Single return and out parameters
Multiple results are a godsend to use in Odin. They allow for numerous things where passing pointers were originally needed. In Odin, if a pointer is passed to a procedure now, it is usually implies an “in-out” parameter, coupled with the Odin’s calling convention allowing certain parameters to be passed by pointer implicitly to improve performance (equivalent to an implicit T const &
in C++).
Multiple results allow for named results which allows for a form of auto-documentation.
If you would like to see Odin’s approach to multiple results, I recommend reading the overview for them at https://odin-lang.org/docs/overview/#multiple-results.
Silent errors
As many know, I am not a fan of exception-style error handling, which I expressed in my article on exceptions.
With Odin’s multiple results, strong type system, and enum
s & union
s, error handling is a lot nice to deal with.
Nulls
I think the notion that “null” is a billion dollar mistake is well overblown. NULL
/nil
is just one of many invalid memory addresses, and in practice most of invalid memory address are not NULL
. This is related to the drunkard’s search principle (a drunk man looks for his lost keys at night under a lamppost because he can see in that area). I have found that null pointers are usually very easy to find and fix, especially since most platforms reserve the first page of (virtual) memory to check for these errors.
In theory, NULL
is still a perfectly valid memory address it is just that we have decided on the convention that NULL
is useful for marking a pointer as unset.
Many languages now have support for maybe/option types or nullable types (monads), however I am still not a huge fan of them in practice as I rarely require them in systems-level programming. I know very well this is a “controversial” opinion, but systems-level programming languages deal with memory all the time and can easily get into “unsafe” states on purpose. Restricting this can actually make things like custom allocators very difficult to implement, along with other things2.
Odin can technically implement a maybe type through union
but not to the extent many people would like (especially with the syntactic sugar).
Assignment as expression
I completely agree that assignment as an expression is a bad idea and causes more problems than the utility it gives.
No hyphens in identifiers
I think using possible operators in identifiers is just waiting for trouble, even if it “looks pretty”.
Braces and semicolons
This is mainly an aesthetic thing with huge consequences.
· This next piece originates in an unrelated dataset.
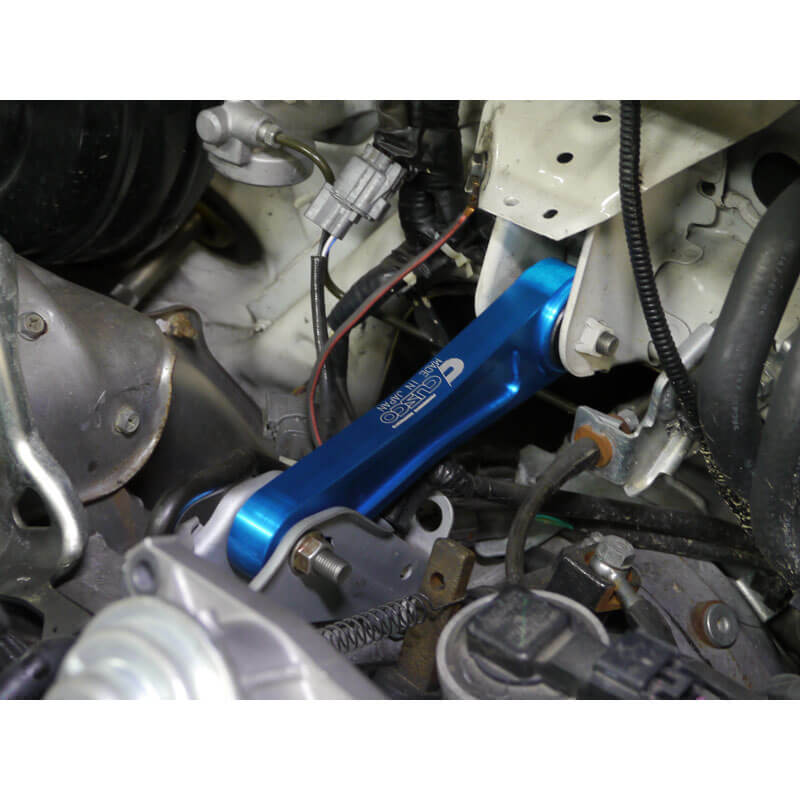 Cusco Billet Aluminum Pitch Stop Mount (Blue), 2002-2026 WRX & 2004-2021 STi - Angle 2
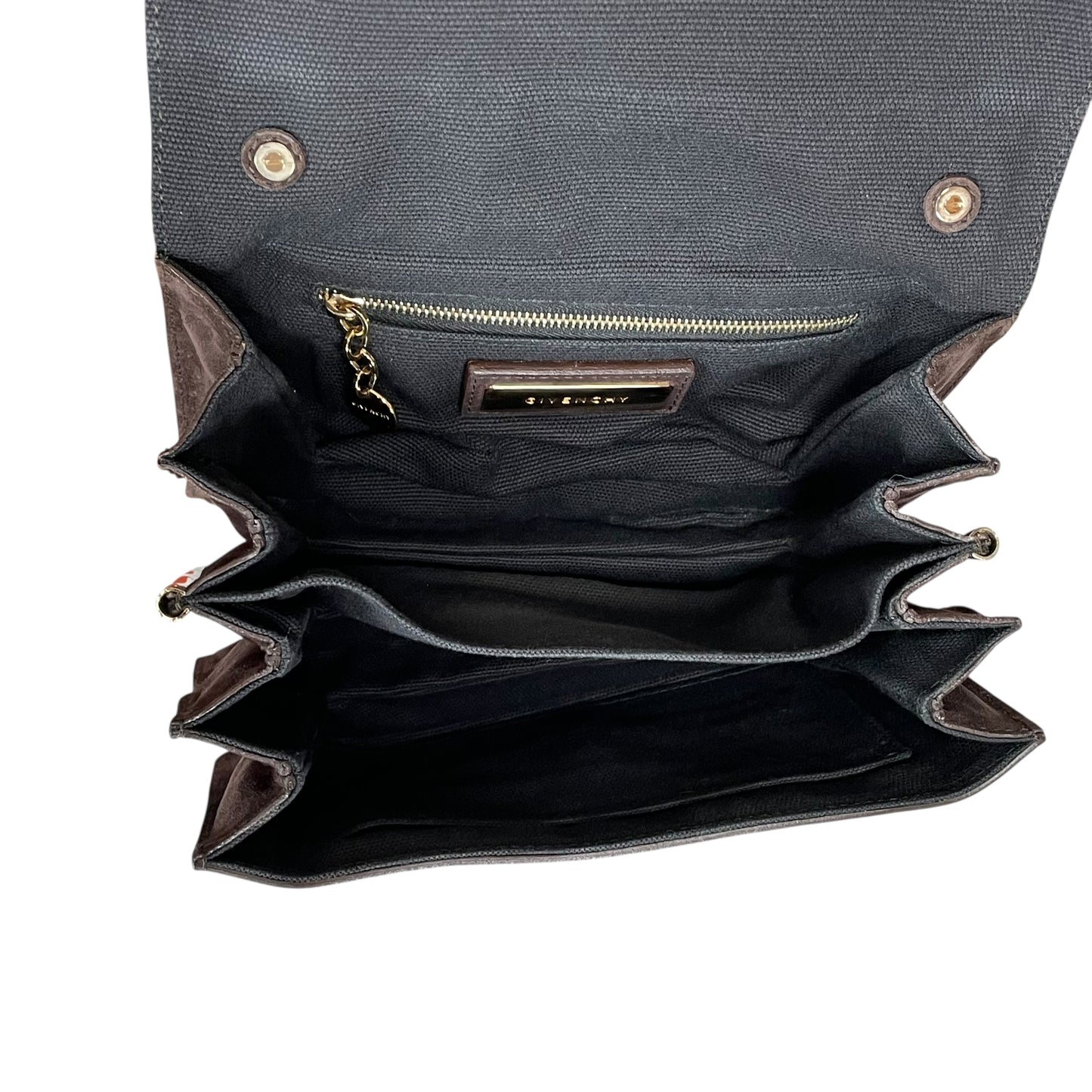 Givenchy Turn-Lock 4G Brown Suede GHW Woven Strap Clutch Handbag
Braces and semicolons serve purposes. Braces denote a new block and semicolons terminate a statement. If you want to remove semicolons from a language, you will either need to enforce a brace style (like Go) or have sensitive white-space through something like Python’s offside rule.
For Odin, I wanted braces but I did not want to enforce a code style on the use at the language level, which means that it requires semicolons.
I could have gone with Python’s offside rule but I personally prefer braces even if I enjoy programming in Python.
Blaming the programmer
A lot of the issues in C come from C’s poor and lacking type system. I am not against “blaming the programmer”, in theory, for a systems-level programming language because in many cases you are meant to be able to shoot your foot off if you so do wish. However, I do think providing extra structure to the type system to not require the user having to do any of this is a very good idea.
Conclusion
A lot of C’s mistakes are only mistakes in retrospective, but C is still an extremely useful language to use, and I am still extremely productive in it.
To quote Fred Brooks in his book No Silver Bullet – Essence and Accident in Software Engineering:
There is no single development, in either technology or management technique, which by itself promises even one order of magnitude [tenfold] improvement within a decade in productivity, in reliability, in simplicity.
And sadly, this is still true with regards to comparing C to other higher level general purpose languages, as they do not offer an order of magnitude improvement in productivity. C hit a local maximum of productive for which so many still have yet to understand why and learn from.